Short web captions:
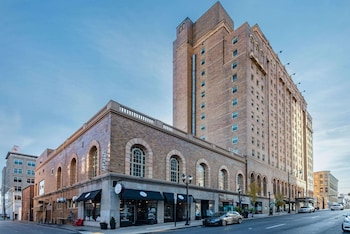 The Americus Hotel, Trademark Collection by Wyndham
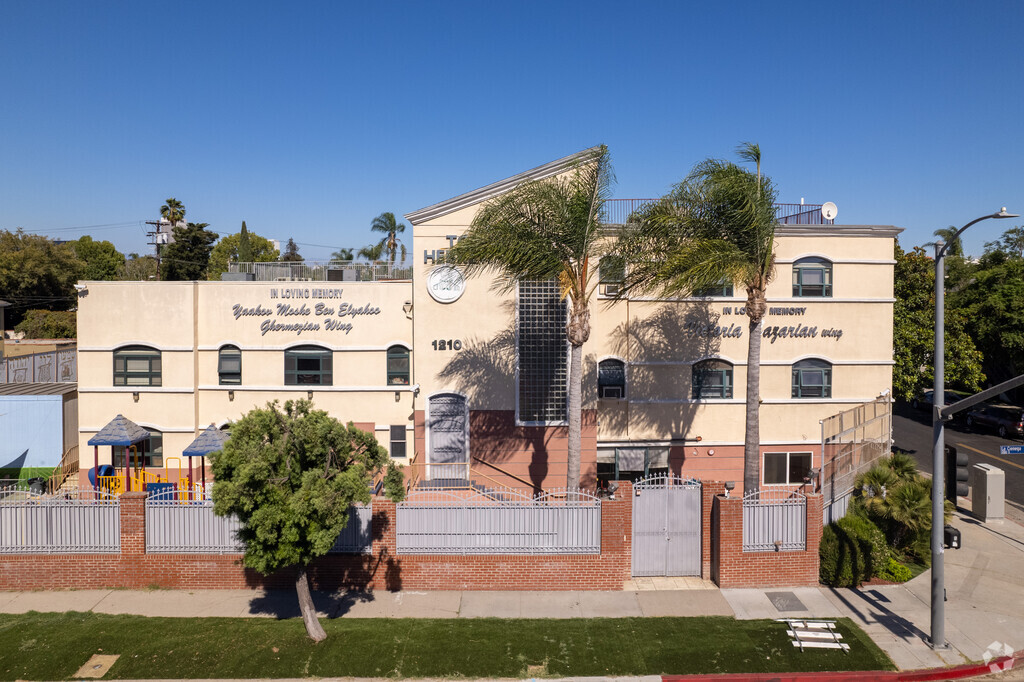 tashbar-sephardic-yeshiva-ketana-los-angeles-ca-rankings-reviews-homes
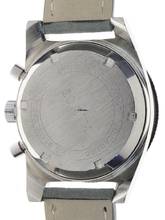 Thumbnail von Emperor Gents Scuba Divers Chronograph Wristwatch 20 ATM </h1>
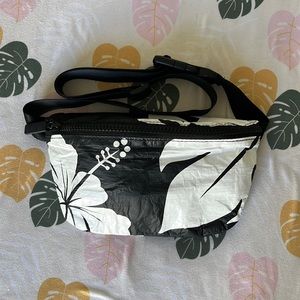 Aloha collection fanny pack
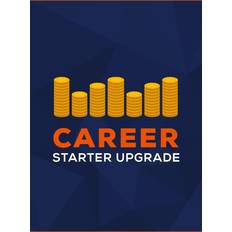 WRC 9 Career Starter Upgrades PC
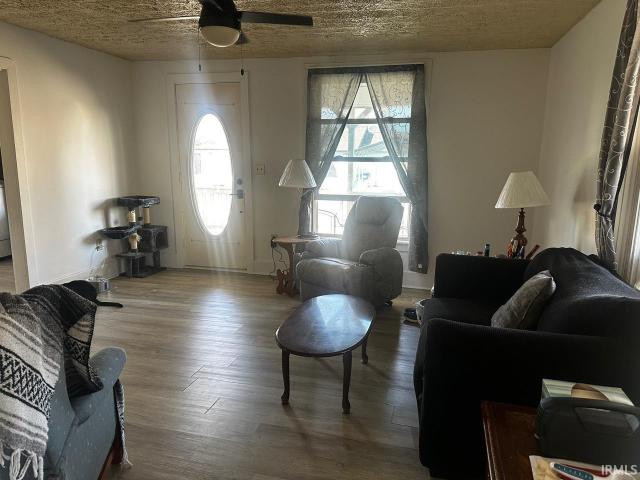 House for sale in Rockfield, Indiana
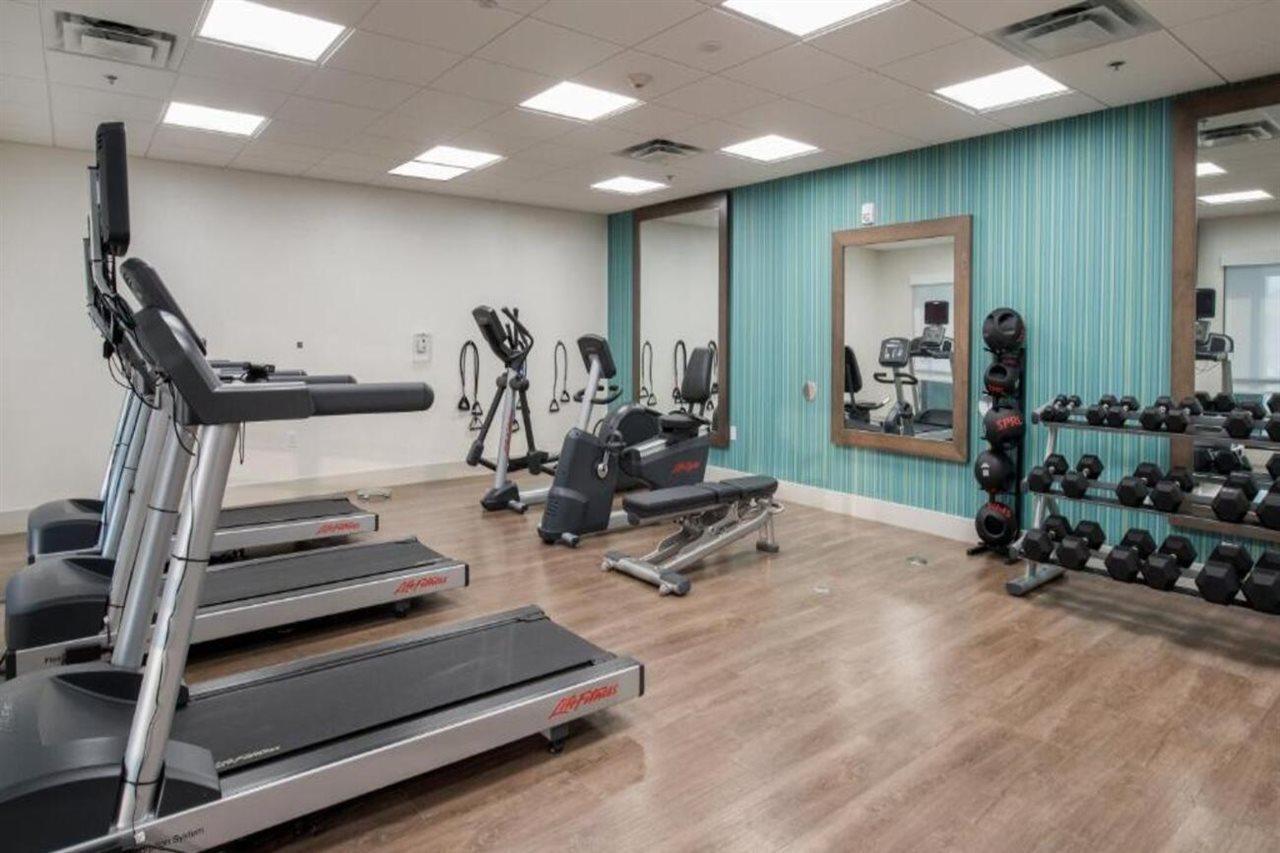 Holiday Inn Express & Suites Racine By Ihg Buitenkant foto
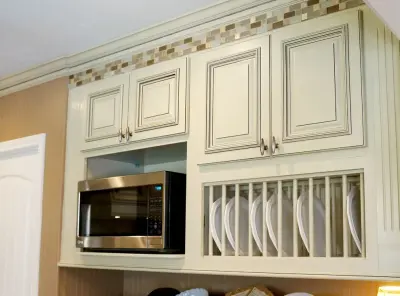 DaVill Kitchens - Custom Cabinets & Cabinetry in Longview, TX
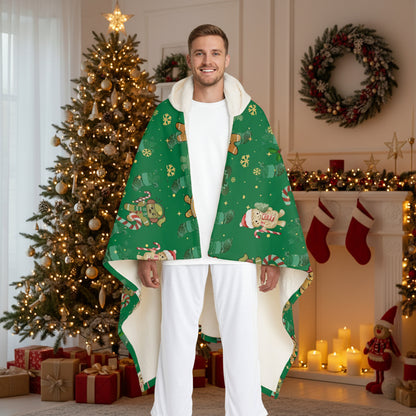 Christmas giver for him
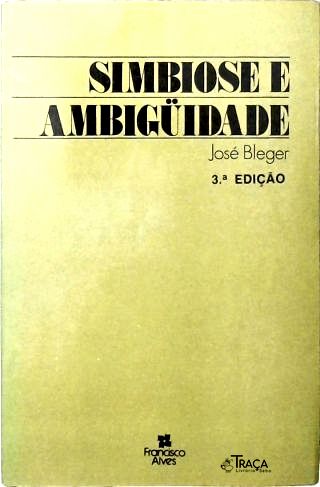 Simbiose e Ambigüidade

• [Instructions to follow]
Images are to be excluded, and each record above written out word for word.

• [Worked solution]
 The Americus Hotel, Trademark Collection by Wyndham
 tashbar-sephardic-yeshiva-ketana-los-angeles-ca-rankings-reviews-homes
 Thumbnail von Emperor Gents Scuba Divers Chronograph Wristwatch 20 ATM </h1>
 Aloha collection fanny pack
 WRC 9 Career Starter Upgrades PC
 House for sale in Rockfield, Indiana
 Holiday Inn Express & Suites Racine By Ihg Buitenkant foto
 DaVill Kitchens - Custom Cabinets & Cabinetry in Longview, TX
 Christmas giver for him
 Simbiose e Ambigüidade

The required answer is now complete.